The ADA defines disability as a physical or medical impairment that substantially limits one or more major life activities. In July 2021, the U.S. Department of Health and Human Services and the Department of Justice issued joint guidance confirming that long COVID can be a disability under the ADA.
In September, the Equal Employment Opportunity Commission (the federal agency charged with enforcement of the ADA) issued a notice confirming its agreement with that guidance and said further technical assistance would be forthcoming.
The government’s position is that long COVID can be a disability. Not every case of long COVID will fall under the ADA, but disability is broadly defined under the statute. While short-term medical conditions like the common cold or flu generally do not meet the disability definition, the symptoms that many long haulers experience are precisely the sort of substantially limiting effects that do constitute a disability. For example, it has long been understood that conditions that substantially affect an individual’s ability to concentrate – such as ADHD – can be a disability under the ADA.
Accommodation essentially means some change to how the job is normally performed. So, while employers are generally supposed to treat similarly-situated employees the same, the ADA requires employers to do more for certain employees. Naturally, this puts employers in a tough spot when other employees ask why someone is getting “special treatment,” because information about disability and accommodations must be kept confidential by law.
The law requires only “reasonable accommodation,” which is an accommodation that does not pose an undue hardship, meaning significant difficulty or expense. What constitutes undue hardship will vary from company to company and position to position.
If an employee experiencing long COVID has a disability that is interfering with their ability to do the job, then the company must conduct an assessment to determine whether a reasonable accommodation is available that would allow the employee to return to work – even if on a reduced schedule. Or, is a leave of absence the only possible accommodation and how much leave is reasonable? Again, these must be case-by-case assessments.
Not everyone with long COVID needs a leave of absence, as some who experience long-term, disabling effects of COVID-19 will be able to return to work with accommodation. Such accommodations can include schedule changes or changes to the physical workspace. For example, satisfying the duty to accommodate could be as simple as making an exception to a rule that cashiers cannot sit by providing a stool to a cashier who is experiencing fatigue and is unable to stand for her shift.
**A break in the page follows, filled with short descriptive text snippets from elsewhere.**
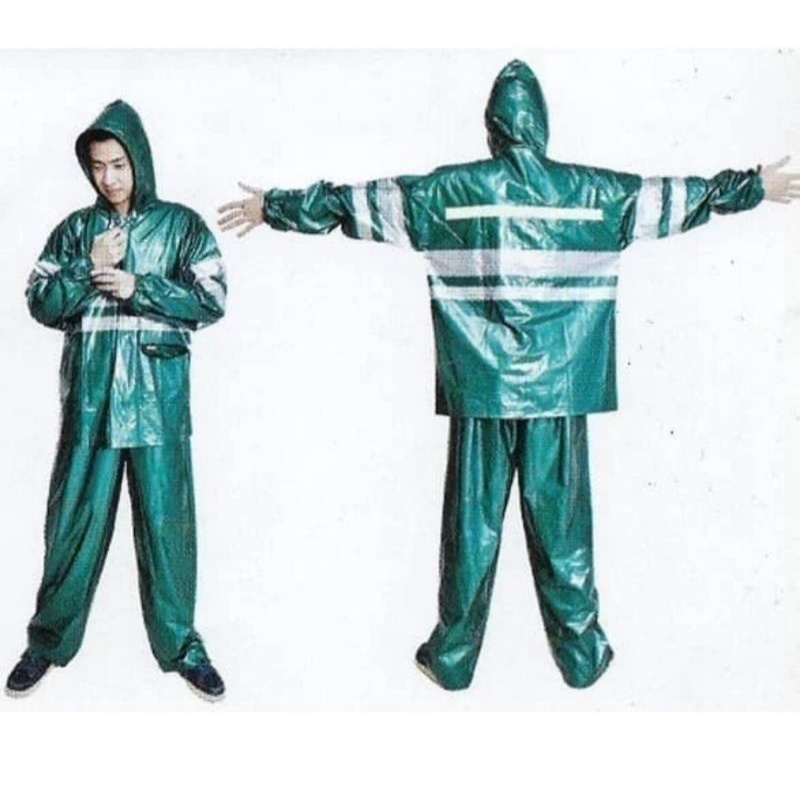 Mantel Hujan Elmondo 907 Dewasa Pasangan / Jas hujan setelan dewasa / Elmondo 907 setelan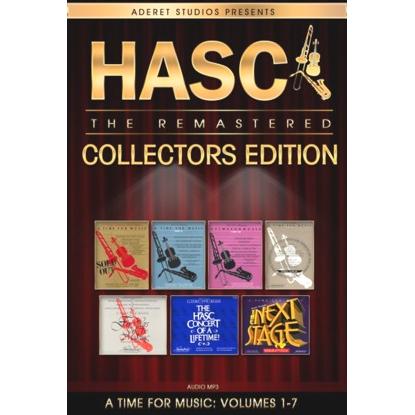 HASC The Remastered Collectors Edition Audio MP3 Volumes 1-7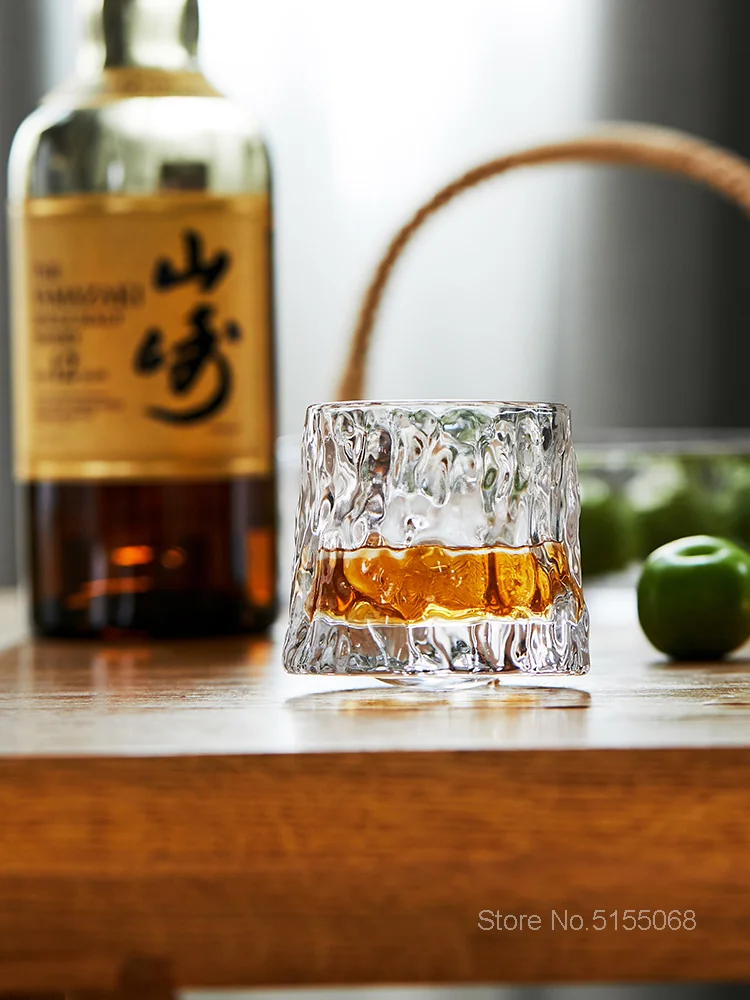 Бокалы для вина вращающиеся на 360 ° не осыпаются бокалы виски es Top Whisky XO Chivas Rock Cup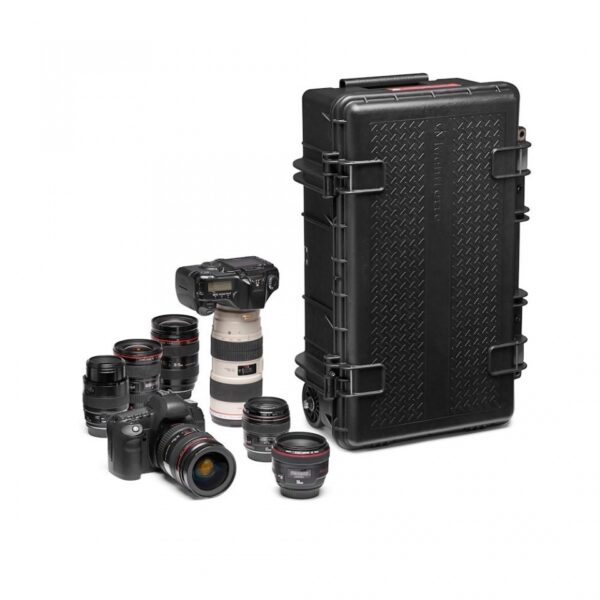 Manfrotto Case Reloader Tough Low Lid Carry-On Roller Ext 55x35x20cm Int 50x26x14cm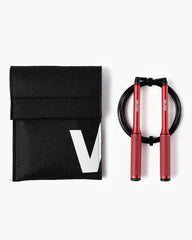 Velites Fire 2.0 Jump Rope | Red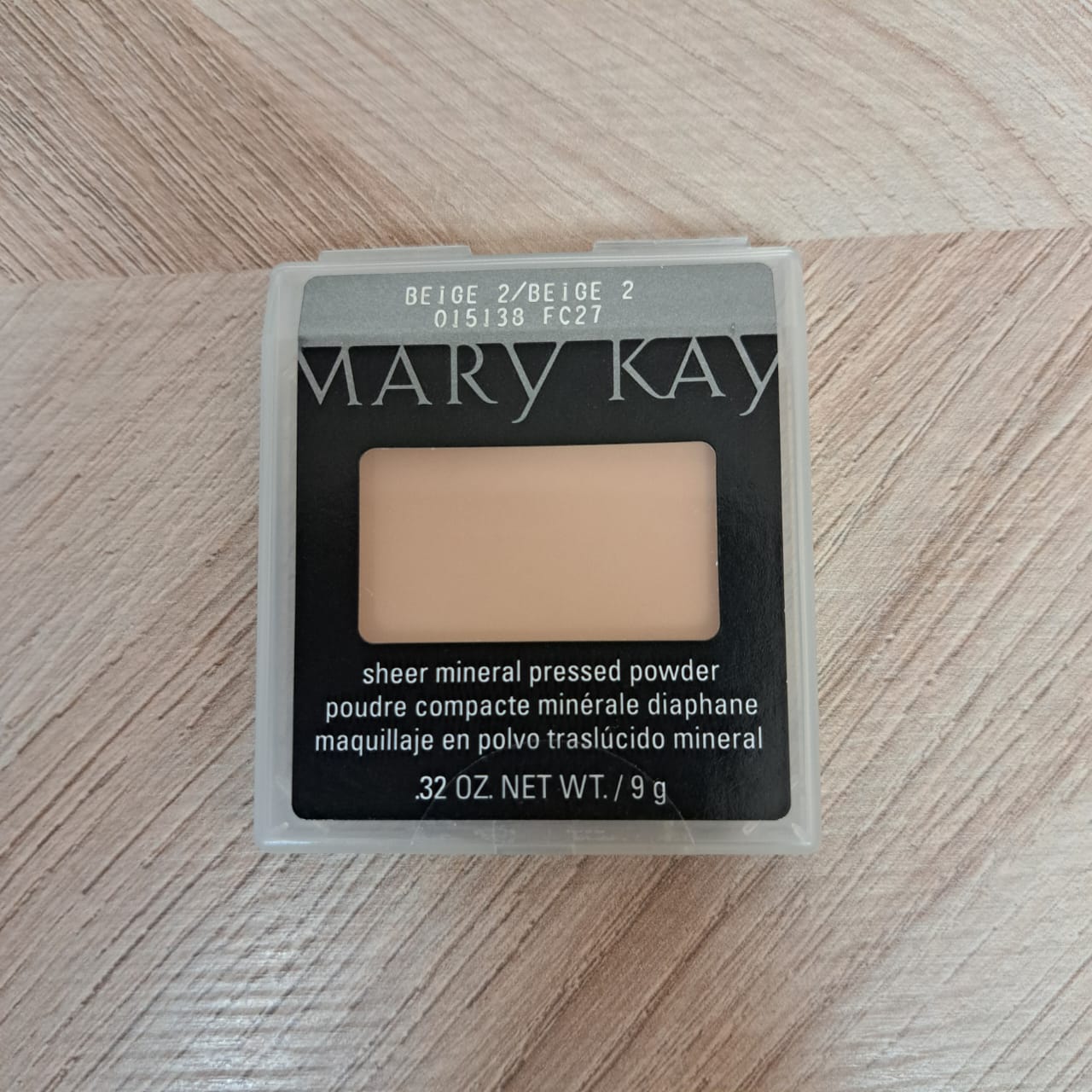 Mary Kay Maquillaje Polvo Traslucido Mineral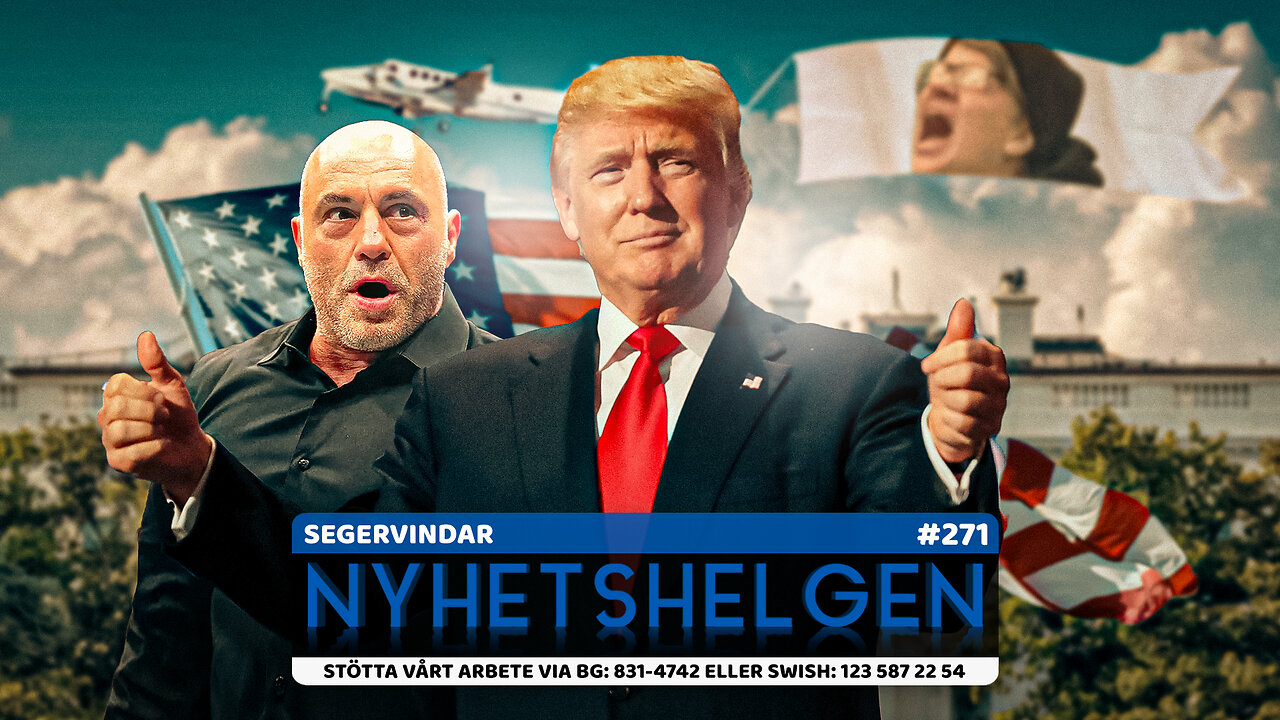 Nyhetshelgen 271 - Segervindar, Murres kris, Tommy dömd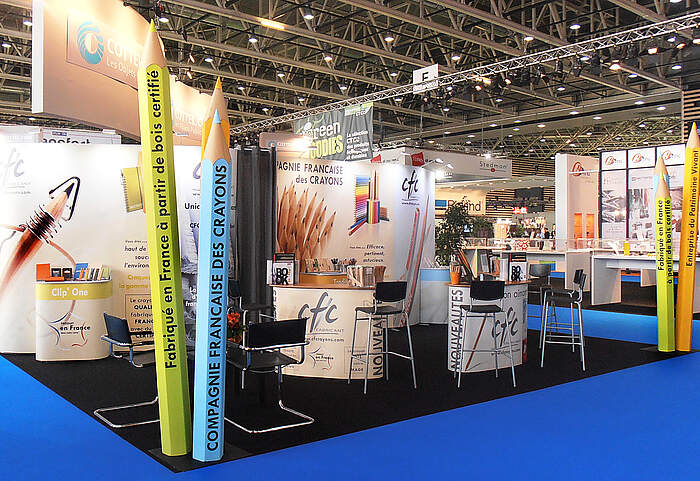 Reference images Exhibition stand example 8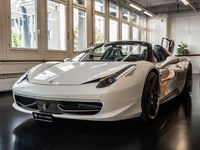 Gebraucht Ferrari 458 570 PS (419 kW) 2012 Weiß Cabrio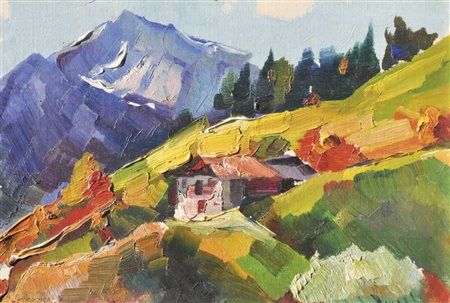 Rudolf Bellenzier (Tötschling, Brixen/Bressanone 1922 – Meran/Merano 1990)...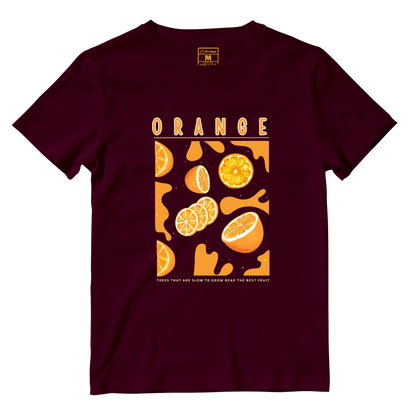 Cotton Shirt: ORANGE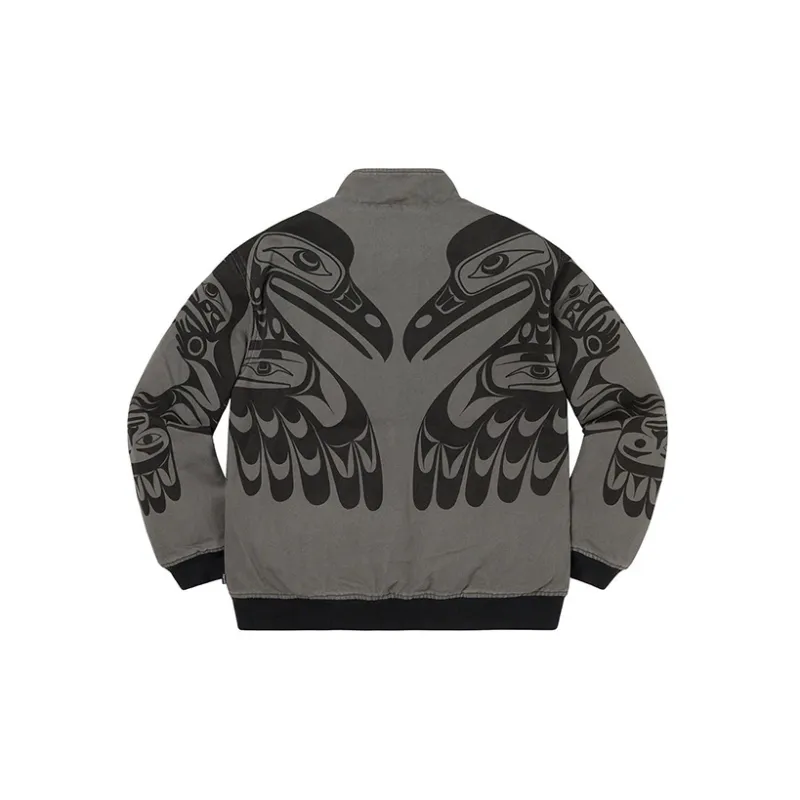 Supreme Makah Zip Up Jacket-1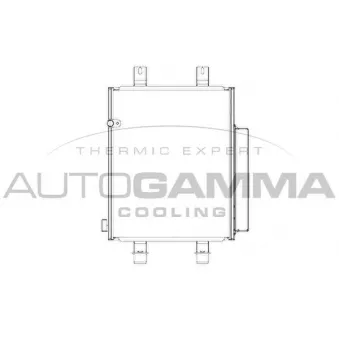Condenseur, climatisation AUTOGAMMA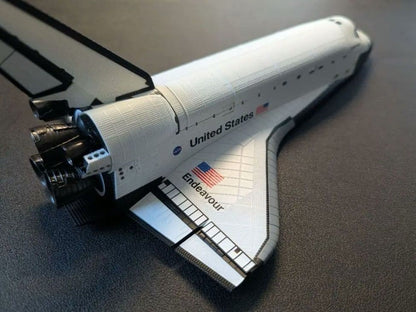 Space Shuttle Endeavour 1/144 Otona no Chogokin Figure Bandai Spirits 2010 Hobby - photo 14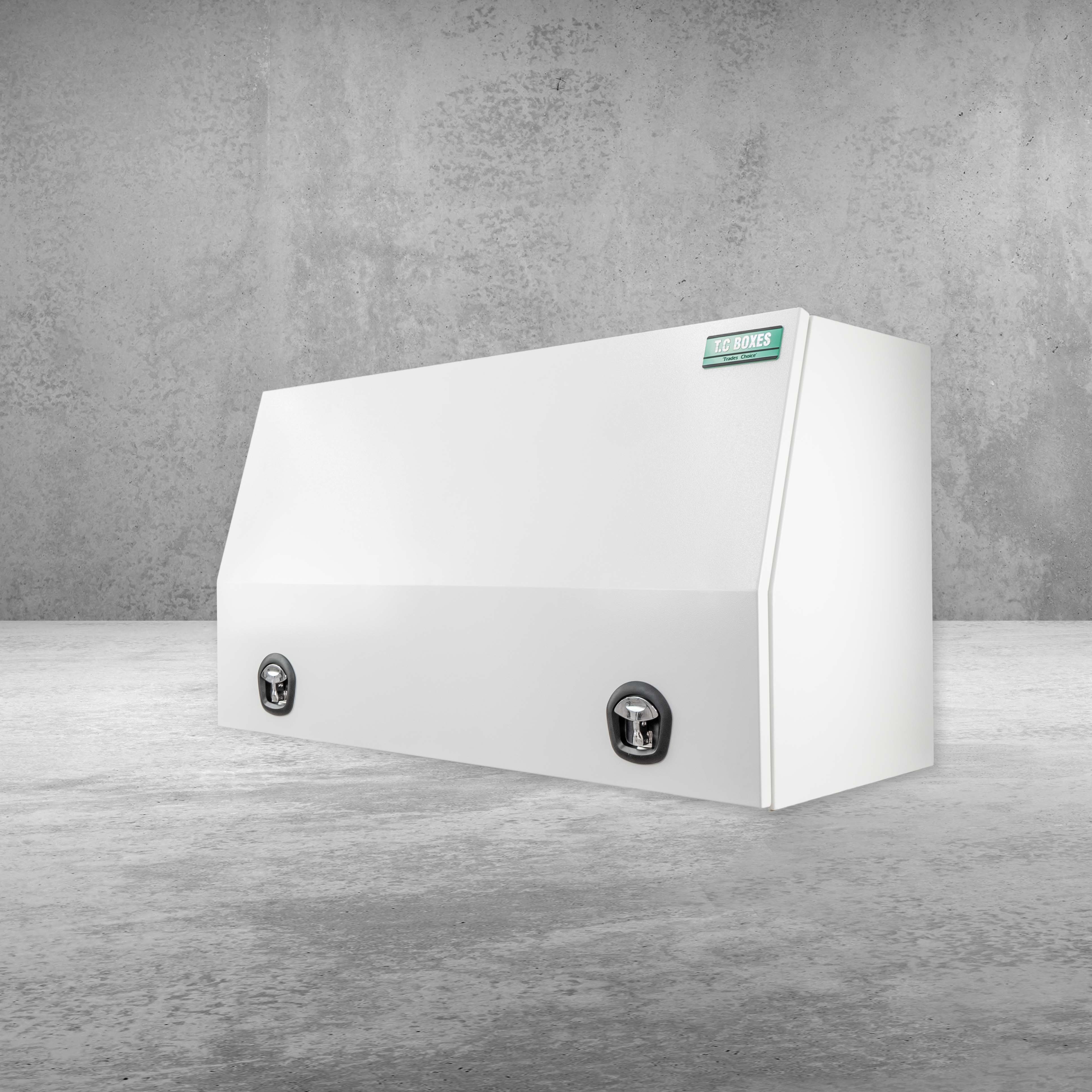 1500mm Steel Drawer Toolbox - White - Image 2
As with any accommodation question under the ADA, employers must take up each situation on an individualized basis and engage in what the EEOC calls an “interactive process” to identify possible accommodations.
Questions about accommodations for employees with long COVID are starting to come in and we don’t see that changing any time soon. It’s just the latest development in the world of the ADA, which has always required employers to be creative and nimble to stay in compliance.